18.    ………  Any document filed and/or marked for identification by either party, passes through three stages before it is held proved or disproved.  First, when the document is filed, the document though on file does not became part of the judicial record.  Second, when the documents are tendered or produced in evidence as an exhibit by either party and the court admits the documents in evidence, it becomes part of the judicial record of the case and constitutes evidence; mere admission of a document in evidence does not amount to its proof; admission of a document in evidence as an exhibit should not be confused with proof of the document.  Third, the document becomes proved, not or disproved when the court applies its judicial mind to determine the relevance and veracity of the contents- this is at the final hearing of the case.  When the court is called upon to examine the admissibility of a document, it concentrates only on the document.  When called upon to form a judicial opinion whether a document has been proved or disproved or not proved, the court would look not at the document alone but it would take into consideration all facts and evidence on record……. (emphasis added).

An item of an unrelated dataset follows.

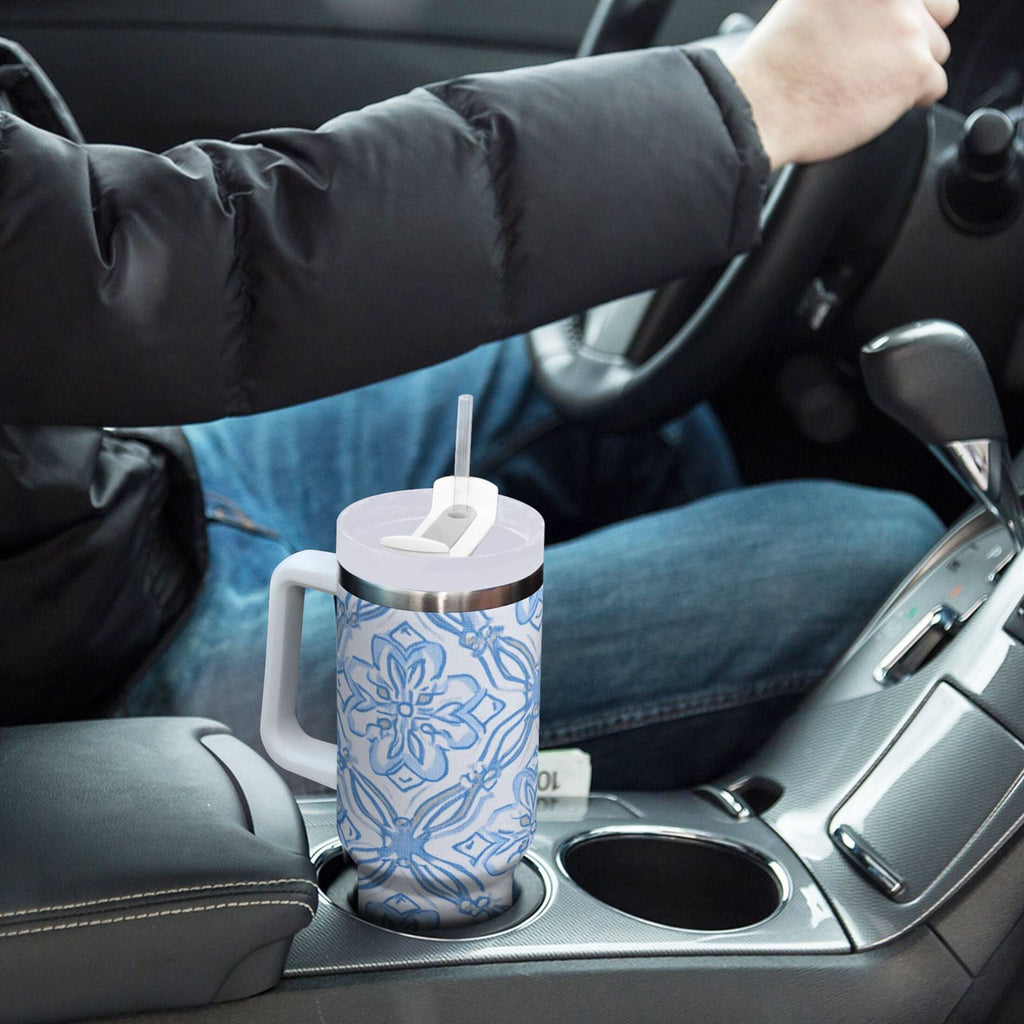 30 oz Insulated Stainless Steel Tumbler Double Wall Stainless Steel Tumbler with 2-Way Drinking Blue Elegant Geometric Design JKL5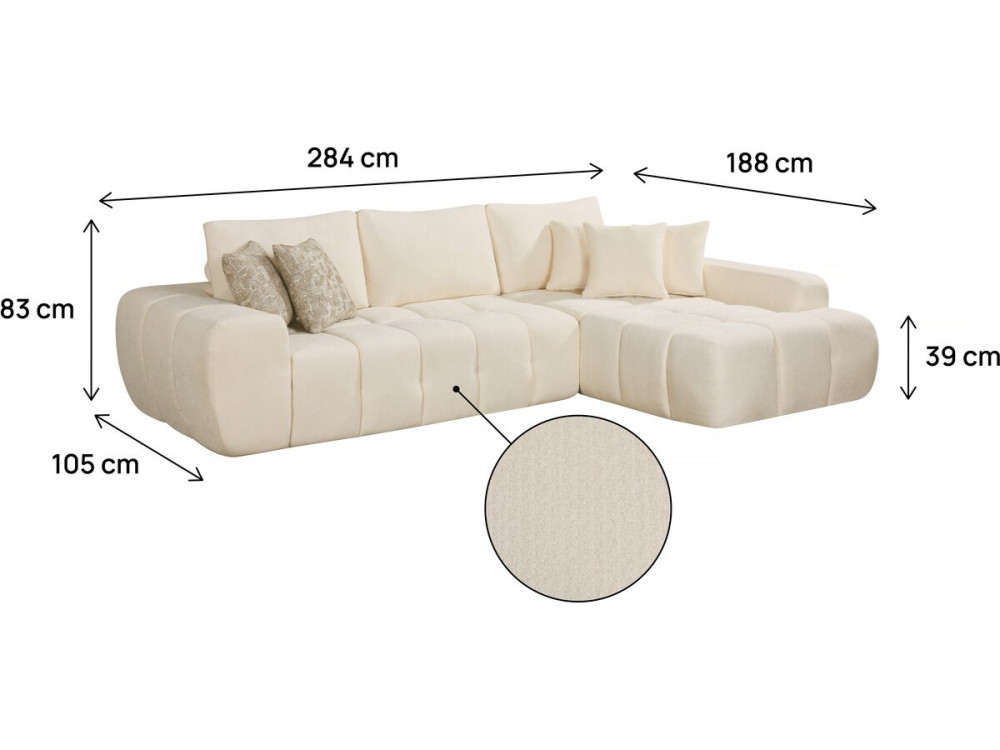Sidonie" rechte hoekbank in bubble stof - 4 zits - Beige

21.     Applying the foregone to this case, the production of the contract by the consent of the parties did not translate to proof of its contents. The Appellant objected to the contract on the basis that it was not the agreement it had entered into with the Respondent. The contract was hence disproved.

22.  The Respondent was under a duty to prove that indeed the contract which was produced as an exhibit was the one which the parties executed on 22/02/2012. That is in line with Section 109 of the Evidence Act, Cap. 80 of the Laws of Kenya which states that: -

The burden of proof as to any particular fact lies on the person who wishes the court to believe in its existence, unless it is provided by any law that the proof of that fact shall lie on any particular person.

23.  The contract which was produced as an exhibit was not signed by the Respondent. It was also not signed by the representatives of the Appellant. The contract was only signed by a Chief who did not testify.

24. The Respondent was clear in his pleading when he stated that he ‘entered into written agreement with the defendant on the 22/02/2012’. However, that written agreement was not the contract which was produced as an exhibit for the simple reason that the contract was not executed by either of the parties herein.

25.  The upshot is that the agreement which the parties herein entered into on 22/02/2012 was not produced in court either as an exhibit or otherwise. The Respondent did not also produce any other evidence pointing to the alleged relationship between the Appellant and himself.

26.  There was therefore no basis upon which the Respondent’s claim would have succeeded. Respectfully, the trial court erred in finding that there was a binding contract between the parties herein and that the contents thereof were proved in favour of the Respondent.

27.  The suit was not proved as required in law. The appeal is hereby allowed. The judgment of the trial court in Migori Chief Magistrate’s Court Civil Suit No. 1866of2015 is hereby set-aside and substituted with an order dismissing the suit with costs to the Appellant.

28.    Orders accordingly.

DELIVERED, DATED and SIGNED at MIGORI this 28th day of May,  2020.

A. C. MRIMA

JUDGE

Judgment delivered electronically: -

1.    okongowadangomigori@gmail.com for Okong’o, Wandago & Company Advocates for the Appellant.

2.   soodingoadvocate@gmail.com for Odingo & Company Advocates for the Respondent.

3. Parties are at liberty to obtain hard copies of the Ruling from the Registry upon payment of the requisite charges.